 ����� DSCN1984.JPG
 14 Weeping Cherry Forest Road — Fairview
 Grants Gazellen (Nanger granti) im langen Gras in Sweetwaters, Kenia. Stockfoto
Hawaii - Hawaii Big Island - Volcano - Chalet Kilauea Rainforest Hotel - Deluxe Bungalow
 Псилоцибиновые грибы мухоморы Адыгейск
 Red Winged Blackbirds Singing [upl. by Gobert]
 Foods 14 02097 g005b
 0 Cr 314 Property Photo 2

####################

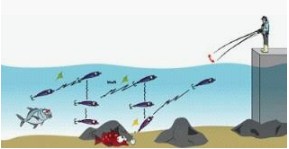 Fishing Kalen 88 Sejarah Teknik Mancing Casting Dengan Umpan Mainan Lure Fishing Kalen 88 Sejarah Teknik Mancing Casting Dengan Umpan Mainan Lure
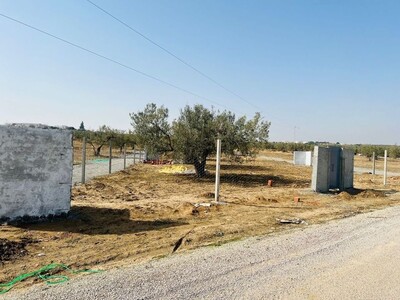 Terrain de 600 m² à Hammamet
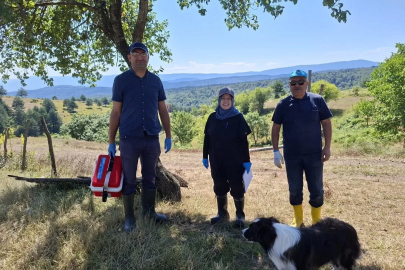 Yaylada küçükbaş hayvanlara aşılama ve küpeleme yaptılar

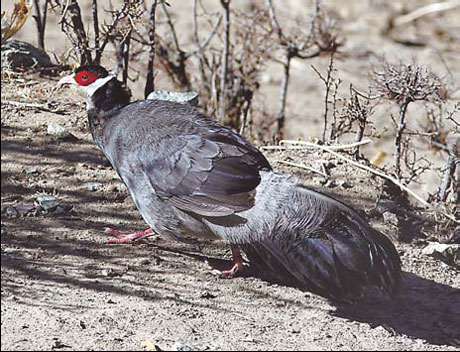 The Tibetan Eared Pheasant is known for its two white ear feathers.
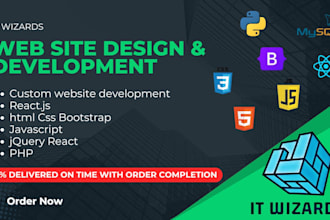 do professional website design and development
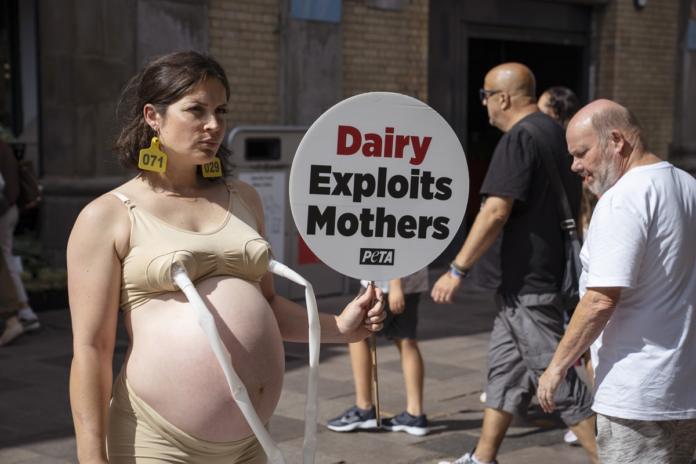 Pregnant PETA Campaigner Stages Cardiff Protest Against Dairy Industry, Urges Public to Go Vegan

####################

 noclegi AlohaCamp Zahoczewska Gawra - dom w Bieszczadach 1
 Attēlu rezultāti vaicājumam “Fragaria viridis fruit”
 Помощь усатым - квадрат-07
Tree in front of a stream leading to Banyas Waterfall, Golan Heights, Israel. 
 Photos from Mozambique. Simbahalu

####################

*Assignment*
In the listing above, find the line with "Yaylada küçükbaş hayvanlara" and the line with "Pregnant PETA Campaigner". Copy both of them and every line between, exactly, but not the pictures.

*Answer space*
 Yaylada küçükbaş hayvanlara aşılama ve küpeleme yaptılar

 The Tibetan Eared Pheasant is known for its two white ear feathers.
 do professional website design and development
 Pregnant PETA Campaigner Stages Cardiff Protest Against Dairy Industry, Urges Public to Go Vegan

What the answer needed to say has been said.